Keehan J's support for the local authority's decision as to the right course of action is unsurprising given the evidence before it.  It is however worth unpicking the conclusion that 'a care worker who causes or incites sexual activity by an individual for payment, with another person, commits a criminal offence, pursuant to ss. 39,42 and 53A of the Sexual Offences Act 2003'.  This part of what is a very short judgment conflates two separate offences under the SOA, s. 39 and s. 53A. They are however quite distinct.

Section 39 of the SOA makes it an offence to incite or cause an individual with a mental disorder to engage in sexual activity.   There is of course potential for a care worker to be guilty of an offence pursuant to section 39 where they arrange, and take P to have sex with a third party.  Whether such an offence would be engaged is going to be very fact-specific, depending (we suggest) upon the extent to which the care worker could be seen to be 'driving' the sexual activity, or providing support where a person themselves is seeking to initiate sexual activity with another.  Although not relevant on the facts of this case, we suggest that it is doubtful that a care worker facilitating a P who has capacity to consent to sexual relations, to take up a sexual relationship with their partner could be said to be committing an offence under section 39. This is because the care worker's actions would not be to incite or cause the sexual relationship, but to facilitate it.

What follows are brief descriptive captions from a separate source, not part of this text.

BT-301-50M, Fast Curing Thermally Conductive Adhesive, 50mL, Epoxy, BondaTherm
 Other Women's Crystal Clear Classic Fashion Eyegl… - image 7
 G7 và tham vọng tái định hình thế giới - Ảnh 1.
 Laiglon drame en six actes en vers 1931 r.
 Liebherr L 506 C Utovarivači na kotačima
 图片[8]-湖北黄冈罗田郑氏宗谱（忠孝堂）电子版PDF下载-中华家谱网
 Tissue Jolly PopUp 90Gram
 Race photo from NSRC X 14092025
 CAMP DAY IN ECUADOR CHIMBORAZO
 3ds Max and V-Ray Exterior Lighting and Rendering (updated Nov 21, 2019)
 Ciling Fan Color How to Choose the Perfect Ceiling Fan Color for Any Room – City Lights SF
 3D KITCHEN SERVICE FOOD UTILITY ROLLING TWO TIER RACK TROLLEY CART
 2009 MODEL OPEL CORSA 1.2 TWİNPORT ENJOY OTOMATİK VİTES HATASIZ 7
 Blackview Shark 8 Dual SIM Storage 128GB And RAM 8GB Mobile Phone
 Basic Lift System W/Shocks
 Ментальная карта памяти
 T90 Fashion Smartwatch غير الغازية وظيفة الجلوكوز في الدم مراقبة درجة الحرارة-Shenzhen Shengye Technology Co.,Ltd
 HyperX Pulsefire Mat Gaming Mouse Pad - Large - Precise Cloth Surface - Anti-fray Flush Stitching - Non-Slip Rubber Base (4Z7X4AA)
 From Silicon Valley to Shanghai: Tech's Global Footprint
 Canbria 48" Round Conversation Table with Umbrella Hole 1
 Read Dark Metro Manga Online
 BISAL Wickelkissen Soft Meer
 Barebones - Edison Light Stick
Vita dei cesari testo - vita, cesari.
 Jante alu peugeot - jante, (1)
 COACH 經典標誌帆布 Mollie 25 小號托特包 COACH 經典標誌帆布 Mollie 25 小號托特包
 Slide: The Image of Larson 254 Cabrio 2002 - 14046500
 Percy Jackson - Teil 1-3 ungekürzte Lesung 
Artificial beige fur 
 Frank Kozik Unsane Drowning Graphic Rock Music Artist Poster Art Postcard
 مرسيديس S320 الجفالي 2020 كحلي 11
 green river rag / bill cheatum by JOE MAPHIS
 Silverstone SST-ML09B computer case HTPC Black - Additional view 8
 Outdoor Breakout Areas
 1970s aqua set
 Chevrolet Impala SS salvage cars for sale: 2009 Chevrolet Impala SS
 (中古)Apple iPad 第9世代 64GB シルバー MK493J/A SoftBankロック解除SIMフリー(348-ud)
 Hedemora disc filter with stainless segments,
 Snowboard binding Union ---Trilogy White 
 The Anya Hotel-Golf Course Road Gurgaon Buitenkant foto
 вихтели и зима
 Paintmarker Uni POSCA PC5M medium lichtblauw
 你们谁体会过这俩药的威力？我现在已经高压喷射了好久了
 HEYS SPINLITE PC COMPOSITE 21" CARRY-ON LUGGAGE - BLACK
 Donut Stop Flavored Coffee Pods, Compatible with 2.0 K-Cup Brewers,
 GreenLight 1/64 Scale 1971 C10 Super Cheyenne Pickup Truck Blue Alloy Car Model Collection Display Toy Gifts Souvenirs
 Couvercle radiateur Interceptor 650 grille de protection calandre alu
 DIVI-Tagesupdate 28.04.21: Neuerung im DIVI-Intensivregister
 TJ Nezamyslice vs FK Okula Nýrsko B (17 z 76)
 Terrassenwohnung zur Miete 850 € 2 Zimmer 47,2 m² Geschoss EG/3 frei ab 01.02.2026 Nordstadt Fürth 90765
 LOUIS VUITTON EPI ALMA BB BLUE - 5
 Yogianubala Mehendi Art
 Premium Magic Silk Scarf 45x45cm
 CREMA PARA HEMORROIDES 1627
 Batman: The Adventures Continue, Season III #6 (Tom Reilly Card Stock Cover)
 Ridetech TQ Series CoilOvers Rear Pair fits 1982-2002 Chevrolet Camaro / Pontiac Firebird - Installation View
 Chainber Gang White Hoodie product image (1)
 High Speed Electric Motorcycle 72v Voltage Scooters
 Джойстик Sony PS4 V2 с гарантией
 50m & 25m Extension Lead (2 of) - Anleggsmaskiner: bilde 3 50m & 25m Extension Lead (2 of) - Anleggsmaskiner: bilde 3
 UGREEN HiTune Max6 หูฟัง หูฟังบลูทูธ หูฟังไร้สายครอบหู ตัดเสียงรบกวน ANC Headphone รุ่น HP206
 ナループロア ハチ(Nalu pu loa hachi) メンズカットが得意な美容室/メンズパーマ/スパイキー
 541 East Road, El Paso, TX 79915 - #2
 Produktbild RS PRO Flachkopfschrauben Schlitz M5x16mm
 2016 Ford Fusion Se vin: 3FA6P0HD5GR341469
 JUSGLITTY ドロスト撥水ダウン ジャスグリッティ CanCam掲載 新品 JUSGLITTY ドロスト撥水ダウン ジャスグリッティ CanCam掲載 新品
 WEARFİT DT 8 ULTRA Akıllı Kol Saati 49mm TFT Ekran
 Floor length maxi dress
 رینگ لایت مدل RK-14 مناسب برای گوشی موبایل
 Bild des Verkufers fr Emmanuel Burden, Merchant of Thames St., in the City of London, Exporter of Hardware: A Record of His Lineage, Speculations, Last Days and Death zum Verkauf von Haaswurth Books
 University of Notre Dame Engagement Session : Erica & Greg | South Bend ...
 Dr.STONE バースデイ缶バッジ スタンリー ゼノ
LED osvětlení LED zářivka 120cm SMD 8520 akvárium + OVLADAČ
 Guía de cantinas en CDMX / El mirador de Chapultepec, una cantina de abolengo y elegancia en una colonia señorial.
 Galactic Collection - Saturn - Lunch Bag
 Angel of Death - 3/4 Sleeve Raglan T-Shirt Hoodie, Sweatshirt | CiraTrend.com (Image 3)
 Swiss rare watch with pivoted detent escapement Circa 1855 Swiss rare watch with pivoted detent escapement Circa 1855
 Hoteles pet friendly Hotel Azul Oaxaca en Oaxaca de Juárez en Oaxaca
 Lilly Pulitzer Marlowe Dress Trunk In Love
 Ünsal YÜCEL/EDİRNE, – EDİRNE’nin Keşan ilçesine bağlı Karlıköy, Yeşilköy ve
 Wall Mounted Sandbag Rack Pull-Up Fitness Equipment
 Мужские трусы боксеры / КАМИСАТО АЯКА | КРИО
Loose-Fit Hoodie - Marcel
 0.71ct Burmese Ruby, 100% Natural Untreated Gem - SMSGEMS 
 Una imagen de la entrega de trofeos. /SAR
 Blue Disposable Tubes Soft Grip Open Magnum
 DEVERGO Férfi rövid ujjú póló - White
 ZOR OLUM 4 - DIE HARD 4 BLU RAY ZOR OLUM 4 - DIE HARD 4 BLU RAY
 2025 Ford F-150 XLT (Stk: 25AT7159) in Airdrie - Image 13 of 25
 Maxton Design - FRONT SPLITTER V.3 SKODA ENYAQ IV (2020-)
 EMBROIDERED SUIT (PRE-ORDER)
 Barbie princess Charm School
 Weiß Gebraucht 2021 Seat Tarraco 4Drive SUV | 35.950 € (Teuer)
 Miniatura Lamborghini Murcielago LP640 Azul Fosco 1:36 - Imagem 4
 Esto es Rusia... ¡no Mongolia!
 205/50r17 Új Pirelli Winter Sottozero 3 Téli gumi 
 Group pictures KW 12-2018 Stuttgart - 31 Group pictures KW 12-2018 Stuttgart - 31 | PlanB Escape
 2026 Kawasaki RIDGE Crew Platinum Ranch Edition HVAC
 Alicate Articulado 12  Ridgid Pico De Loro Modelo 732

Section 53A on the other hand is a strict liability offence (which applies world-wide).  Payment for sexual services is not per se illegal; however, the operation of s.53A means that a person (A) is guilty of an offence if he:

  • makes or promises a payment for the sexual services of a prostitute (person B)
  • where person C has engaged in exploitative conduct of a kind likely to induce or encourage B to provide the sexual services for which A has made or promised payment, and C engaged in that conduct for or in the expectation of gain for C or another person (apart from A or B) – in other words where person C has exploited B.
Mr AB was assessed as lacking capacity to manage his property and affairs. It is likely therefore that the care worker taking him to visit the sex worker would be the person making the payment to the sex worker. The first part of the offence is therefore likely to be made out (although this is not made explicit in the judgment).

As to whether the offence is completed will depend on whether the sex worker had been exploited. Thus, unless the care agency or local authority were able to investigate whether the sex worker they were engaging for Mr AB had been exploited by a third person, there remains a real risk that an offence would be being committed pursuant to section 53A. The judge may well therefore have been right to conclude that offences pursuant to section 53A would be committed on the facts of this case.

Whilst one can understand why Keehan J took the approach that he did, especially given the potential implications for the care workers, it is perhaps just worth remembering that:

  • It may be morally wrong, but it is not illegal (outside the scope of s.53A) to pay for sex. As has been said in another context, the onset (or here, the fact of) mental incapacity "is not an opportunity for moral correction" (Re Peter Jones [2014] EWCOP 59);
  • It is not immediately obvious how one filters questions of public policy through the best interests framework. Parker J, it should be noted, decided that she had to have recourse to the inherent jurisdiction in XCC v AA to discharge a pure public policy function arising out of P's circumstances (in that case, to grant a declaration of 'non-recognition' in relation to a marriage contracted overseas where P lacked capacity to enter into it).
[1] Nicola having been involved in the case, she has not contributed to this report.